The state’s largest deal was a $1.09 billion merger between Riverview Acquisition Corp. of Memphis and Westrock Coffee Co. LLC of Little Rock.
That merger added a publicly traded company to the state’s ledger while the No. 2 deal took a company off the list.
DB Schenker of Germany acquired USA Truck Inc. of Van Buren for $435 million in a deal that closed in September. USA Truck is now a private subsidiary of DB Schenker, which wanted a foothold in the U.S. logistics market.
“It is just a match made in heaven,” former CEO James Reed said when the deal was announced. Reed is now COO of Kodiak Robotics of Mountain View, California.

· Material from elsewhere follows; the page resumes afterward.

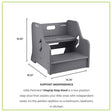 Little Partners StepUp Step Stool - Bambi Baby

No. 3 on the list was the Toro Co. of Bloomington, Minnesota, which spent $400 million to acquire lawn mower manufacturer Intimidator Group of Batesville in a deal announced in January. Intimidator Group was founded in 2013 by Robert Foster.
The deal granted Toro, which reported sales of $4 billion in 2021, access to Intimidator’s strong presence in the zero-turn mower market. Intimidator had sales of $200 million in fiscal 2021.
McKissack said the first weeks of 2023 have continued the modest activity of the second half of 2022. He and others expect that to change, especially if interest rates stabilize and inflation is brought under control.
“People are getting ready for what they hope is a very busy second half of the year,” McKissack said. It was a buyer’s market in the second half of 2022 and that’s continued into this year, he said.
“We’re optimistic. We’re busy. We’re prepping. We expect the back half of this year to be busier than the first half, although we are busy right now.”